Task inputs.

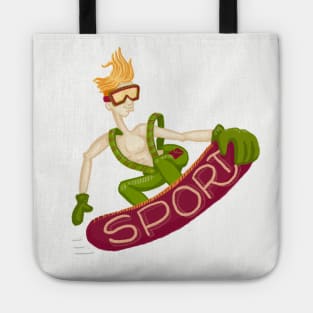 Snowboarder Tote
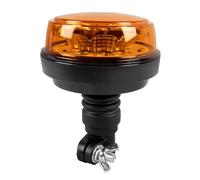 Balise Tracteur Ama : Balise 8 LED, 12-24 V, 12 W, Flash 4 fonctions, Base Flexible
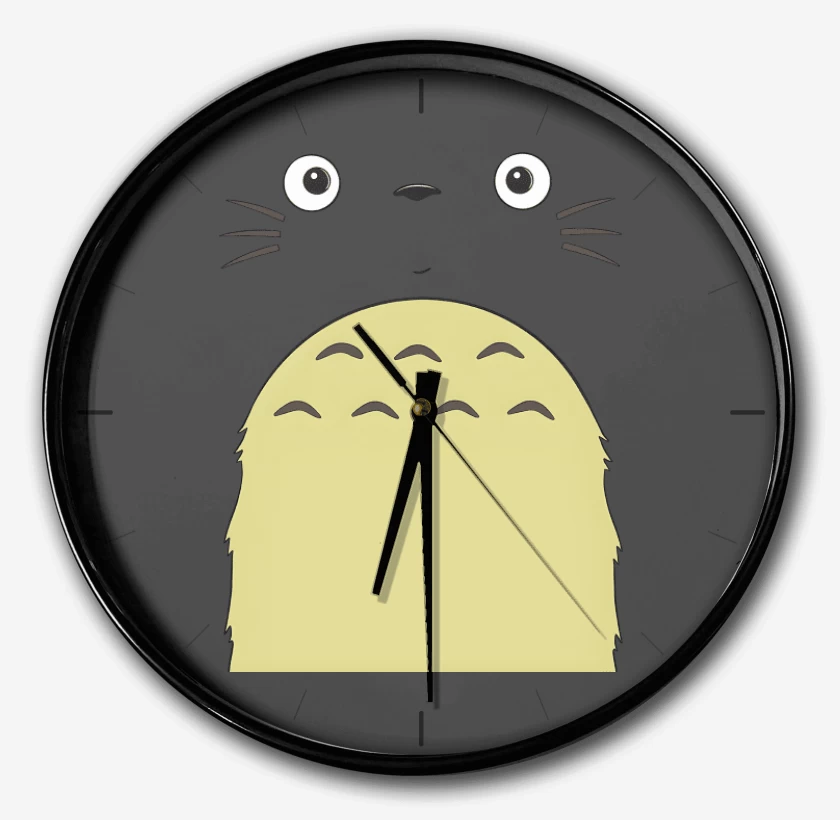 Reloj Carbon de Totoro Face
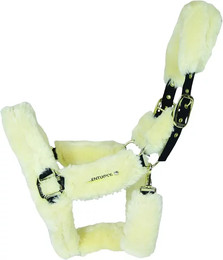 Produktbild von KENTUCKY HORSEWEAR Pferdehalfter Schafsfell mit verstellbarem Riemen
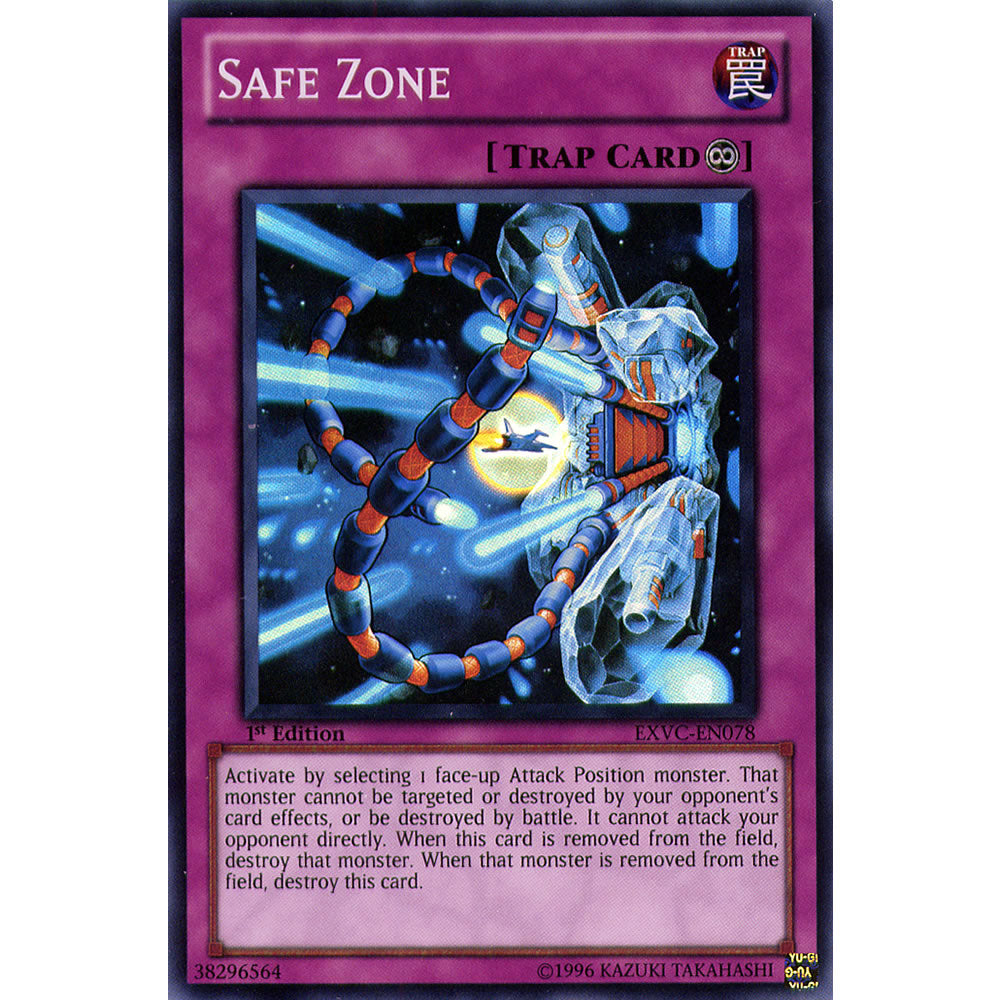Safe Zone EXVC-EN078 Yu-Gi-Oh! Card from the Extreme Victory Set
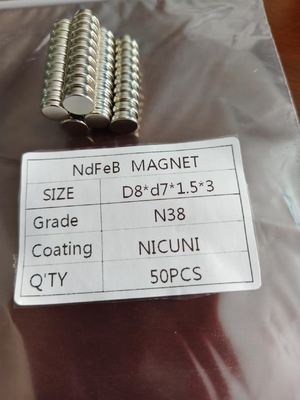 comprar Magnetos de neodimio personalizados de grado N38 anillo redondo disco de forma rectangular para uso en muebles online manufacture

Task requirements. Working from the material above, transcribe it exactly while omitting pictures.

Output of the task.
 Snowboarder Tote
 Balise Tracteur Ama : Balise 8 LED, 12-24 V, 12 W, Flash 4 fonctions, Base Flexible
 Reloj Carbon de Totoro Face
 Produktbild von KENTUCKY HORSEWEAR Pferdehalfter Schafsfell mit verstellbarem Riemen
Safe Zone EXVC-EN078 Yu-Gi-Oh! Card from the Extreme Victory Set
 comprar Magnetos de neodimio personalizados de grado N38 anillo redondo disco de forma rectangular para uso en muebles online manufacture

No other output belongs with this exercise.